→ Supplied material:
□ □ □

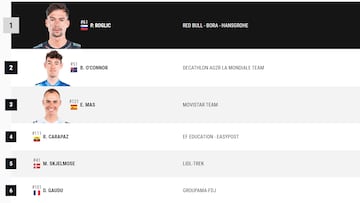 Etapa 21 de la Vuelta a España: así queda la general final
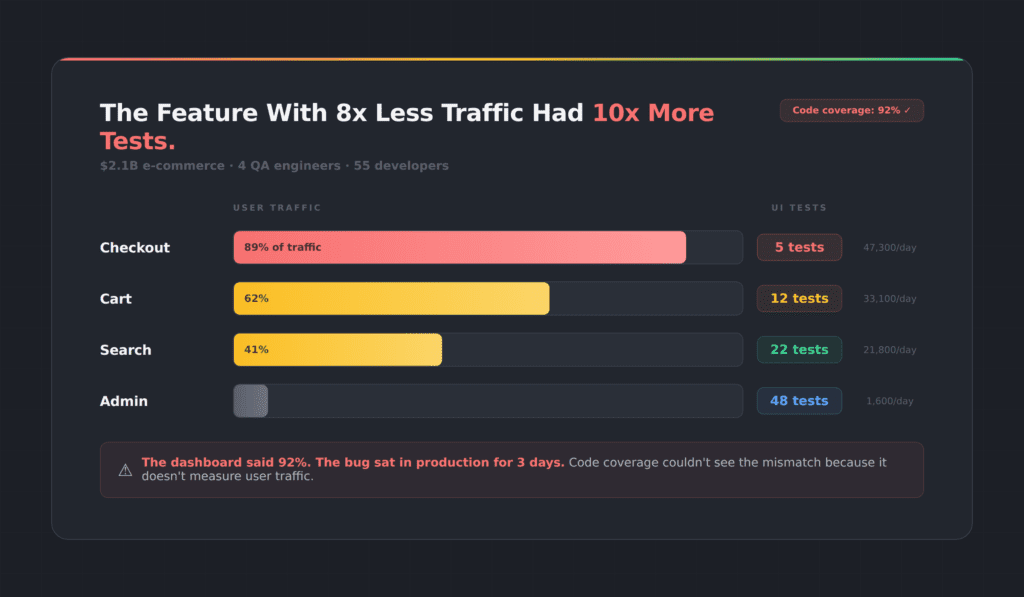 Code coverage lies — horizontal bar chart showing a $2.1B e-commerce site where Checkout handles 89% of user traffic but has only 5 UI tests, while Admin handles 3% of traffic but has 48 tests, despite a 92% code coverage score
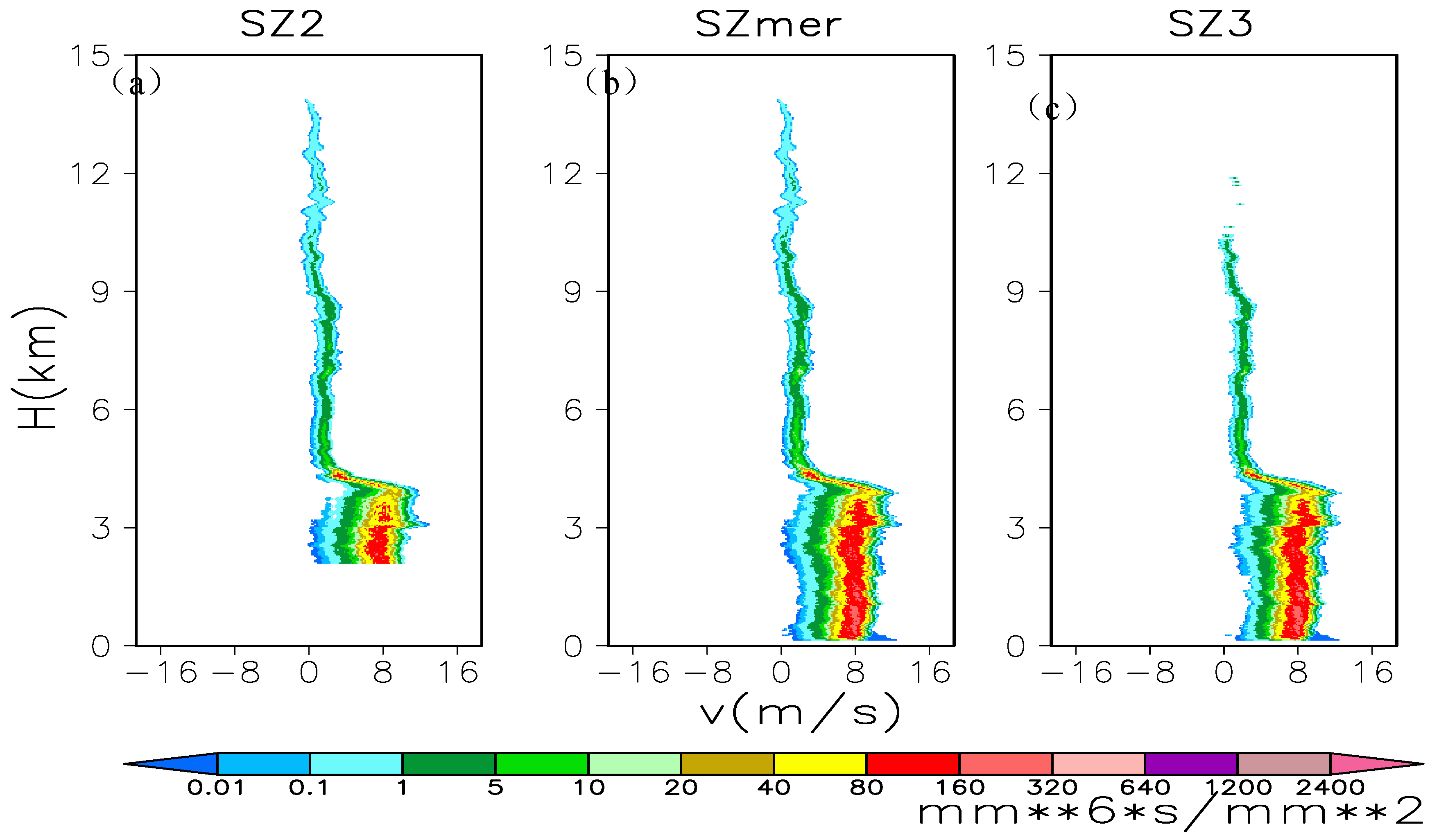 Remotesensing 11 00209 g008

□ □ □

→ Work to be completed: Write out exactly, with no pictures, each line from the one containing "Code coverage lies" through the last line of the listing above, both included.

→ Finished task:
 Code coverage lies — horizontal bar chart showing a $2.1B e-commerce site where Checkout handles 89% of user traffic but has only 5 UI tests, while Admin handles 3% of traffic but has 48 tests, despite a 92% code coverage score
 Remotesensing 11 00209 g008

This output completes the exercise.